The graph below compares the running times of various
algorithms.
Algorithm Complexity | Running time T(n)
(measured in seconds on an Apple Delicious computer) |
Maximum problem size given 1000 seconds on an Apple Delicious | Computer Speed x
10
Maximum problem size given 1000 seconds on a Power Delicious (or 10,000 seconds on a classic Delicious) |
O(n) | 100n | n = 10 | n = 100 (x 10 increase) |
O(n^{2}) | 5n^{2} | n = 14 | n = 45 (x 3) |
O(n^{3}) | ½ n^{3} | n = 12 | n = 27 (x 2) |
O(2^{n}) | 2^{n} | n = 10 | n = 13 (x 1.3) |
O(sqrt n) | 400 sqrt(n) | n = 6 | n = 625 (x 100) |
O(log n) | 400 log(n) | n = 12 | n = 72 billion (x 6 billion) |
MORAL: Cheaper, faster computers mean bigger problems to solve.
Bigger problems to solve mean efficiency is more
important.
The basic shape of a polynomial function is determined by the highest valued exponent in the polynomial (called the order of the polynomial).
Multiplicative constants do not affect the fundamental
shape of a curve.
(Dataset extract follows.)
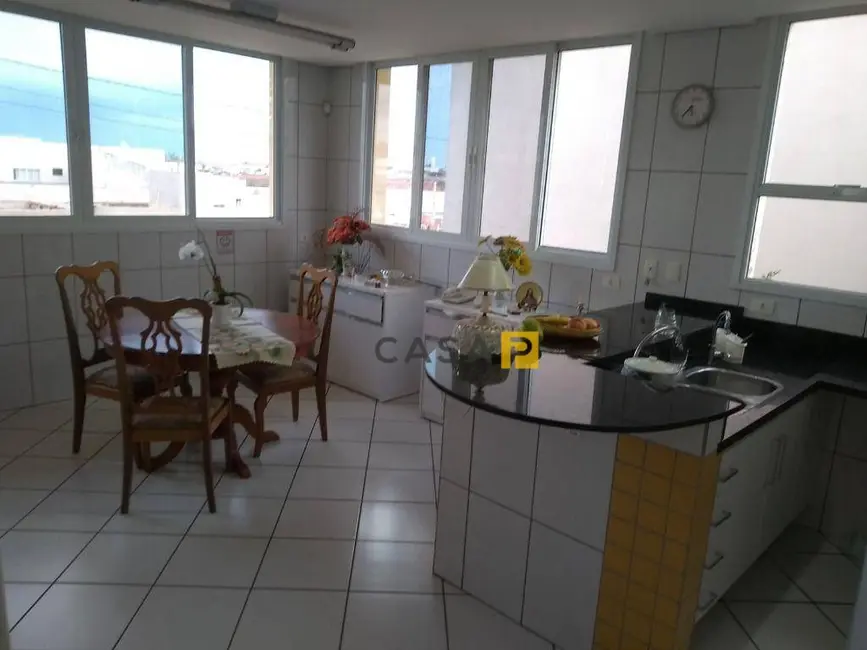 Foto 5 de Casa com 4 quartos à venda, 207m2 em Jardim Boer I, Americana - SP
Only the steepness of the curve is affected.
Only the dominant terms of a polynomial matter in the long run. Lower-order terms fade to insignificance as the problem size increases.
The best sorting algorithms (such as mergesort) run in O(n log n) time. Slower ones (such as bubble sort, selection sort, and insertion sort), take O(n^{2}) time.
Polynomial curves will always overtake logarithmic curves eventually, when the problem size gets big enough, regardless of the multiplicative constants involved.
The superiority of the O(log n) Fermat prime test over the O(sqrt n) prime test becomes clear for really big integers.